An 85-year-old Weeki Wachee man left to get a haircut and didn't return. He was found the next day, unharmed, 200 miles away in Collier County. A 75-year-old Largo man took a drive and was found two days later when his truck broke down in Georgia. An 85-year-old St. Petersburg woman didn't get as far, thanks to Silver Alert. Gisela Petrovic disappeared from her home one December night and was found a few hours later in Dunedin when a woman saw an electric road sign describing her Toyota. These are just a few of the past year's Silver Alert cases, where roadside and media notifications are used to help find someone 60 or older who disappeared in a vehicle.
The program was launched in 2008 after an 86-year-old Largo woman signed herself out of her assisted living facility to run errands. Mary Zelter was found several days later near Clearwater Beach, where she had driven her car into the water and drowned.
By that time, several states already had Silver Alerts. The program piloted in Pinellas County — where Clearwater has the country's highest elderly population per capita — and quickly went statewide.
The alerts don't always yield success. Only a small percentage of missing elderly people found are the direct result of a roadside alert.
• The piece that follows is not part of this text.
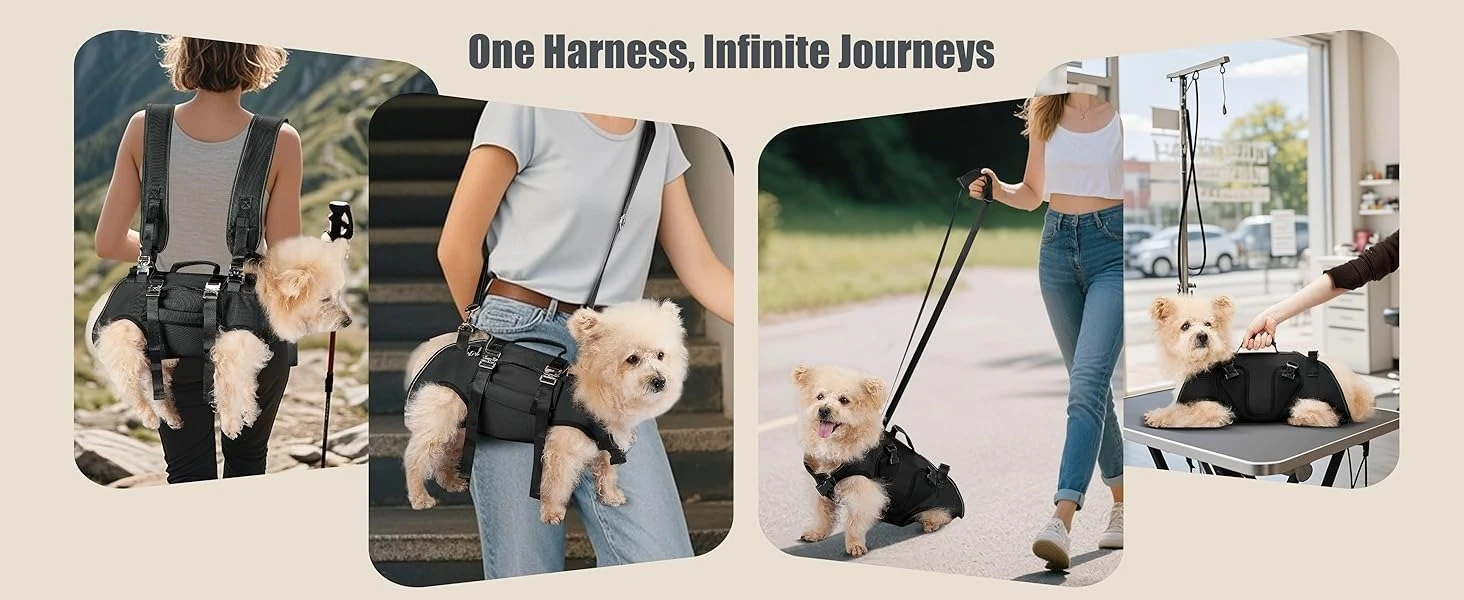 Dog Lift Harness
And in 10 cases, the missing were discovered dead.
In 2009, a 75-year-old visitor from England named Enid Grace Hendricks left her niece's home in Ruskin and was found dead, still in her housecoat and slippers, in a field near Interstate 75.
At least five people saw her while she was still alive, authorities said, but no one thought to report her.
A statewide road sign Silver Alert was never issued because she was on foot, though locally, deputies issued their own alerts.
Chuck Albrecht, the senior vice president of the Alzheimer's Association Florida Gulf Coast Chapter, said if only one Silver Alert results in a rescue, it's worth it.
The population of elderly people and people living with dementia and Alzheimer's will continue to grow, making the need for the alerts even more important. "But like most things," he said, "there's always some room for improvement."